Recognize and Abandon Every Faulty Premise


It was on an early April cab ride way back when New York City taxi drivers still spoke English that I learned to truly understand and appreciate the meaning of the term “faulty premise.”

My cabbie had responded with an expletive to a radio broadcast of the annually repeated news report about the indictment of some alleged tax cheat and the ensuing comments of the IRS Commissioner.

“Did you ever hear such  b_ _ _ s _ _ _,” exclaimed my driver, referring to the tax agency boss's claim that cheating increased the burdens of honest taxpayers.

My demurrer that the claim seemed credible, instantly transformed the cab driver, who until then had seemed to be a  “dese” and “dem” tenement kind of guy, into a sophisticated and articulate debater.  “It’s based on a faulty premise,” he snorted.  “It assumes there is some finite number of dollars, some limited amount of money that the government assholes will spend.”

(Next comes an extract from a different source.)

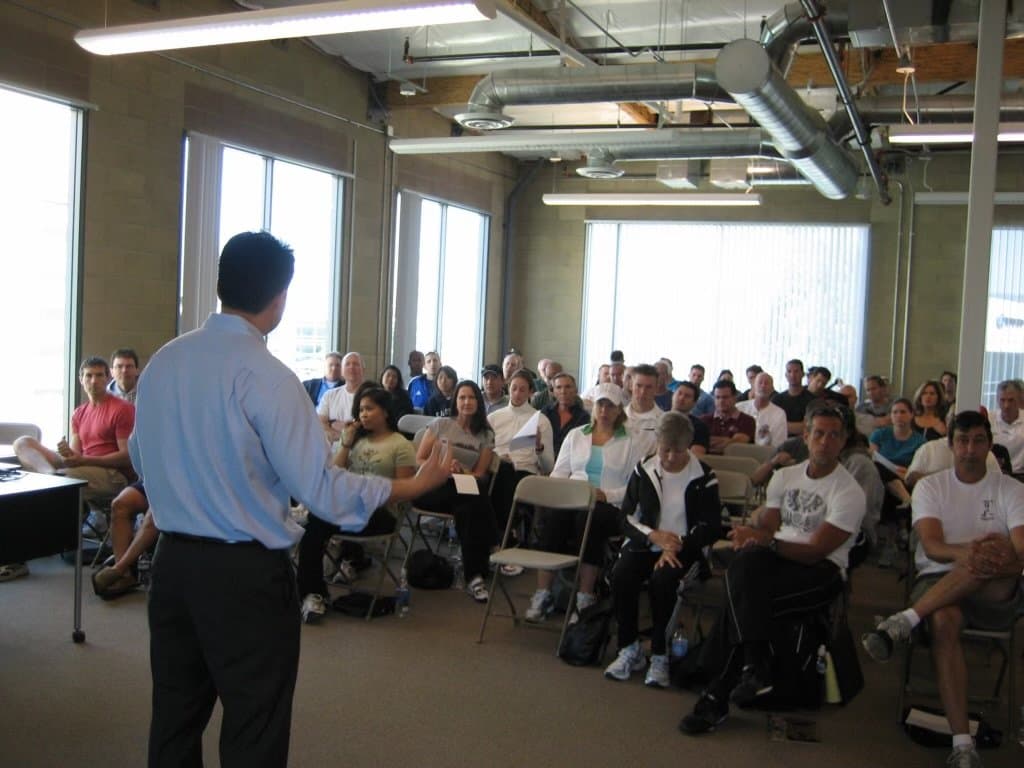 Dr. Koh, seen from behind, lecturing to a full room of seated attendees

“The fact,” he continued, “is that there is no limit to what they'll spend.  They will spend every dollar that they can lay their greedy hands on . . . everything that they can collect in taxes and fees as well as everything more that they can beg, borrow, or steal.  So even if nobody cheats, they’ll still get everything they can from every one of us.  God bless those who find a way, any way to escape their grubby grasping paws.”

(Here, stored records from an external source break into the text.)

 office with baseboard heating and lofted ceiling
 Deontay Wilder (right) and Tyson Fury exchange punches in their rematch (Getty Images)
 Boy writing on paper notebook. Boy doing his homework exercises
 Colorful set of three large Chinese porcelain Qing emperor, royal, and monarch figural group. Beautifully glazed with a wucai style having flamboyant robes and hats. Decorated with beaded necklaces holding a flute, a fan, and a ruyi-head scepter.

(In those days the burdening of future generations was somewhat curtailed by actual efforts to set priorities and limit government spending to what was expected (with unrealistic optimism) to come into its coffers.  And just printing greenbacks had not yet come into vogue.)

In any event a similar faulty premise underlies and dooms the so-called “peace process” in the Middle East.

We somehow have been led to pretend that if we can get a party openly intent on murder and his intended victim to talk with one another, they will reach some kind of accord . . . that the intended victim can be induced to give up enough of what he holds to satisfy his would be killer's blood lust, notwithstanding that the latter, after accepting everything offered to him, continually professes openly that he never will be satisfied with anything other than his “negotiating partner’s” death.

That is why we keep going back to history’s longest running farce – the Middle East “Peace Process” in which Israel constantly gives or offers to give to the Palestinians bits and pieces of its country, hoping that at some point the latter will recognize and accept its right to exist.  On the other hand, their Palestinian “negotiating partners” are happy repeatedly to (i) accept everything offered to them, and yet (ii) constantly demand more as well as the extinguishment of the State of Israel.

It is long past time to abandon the faulty premise and for – to resort to a current phrase – a fundamental reset in the process.

To restart it on a sound basis, open and public recognition and acceptance of the State of Israel by the Palestinians has to be established as a firm and nonnegotiable starting place, a precondition for any resumption of negotiations.  Anything and everything else then can be the subject of subsequent negotiations.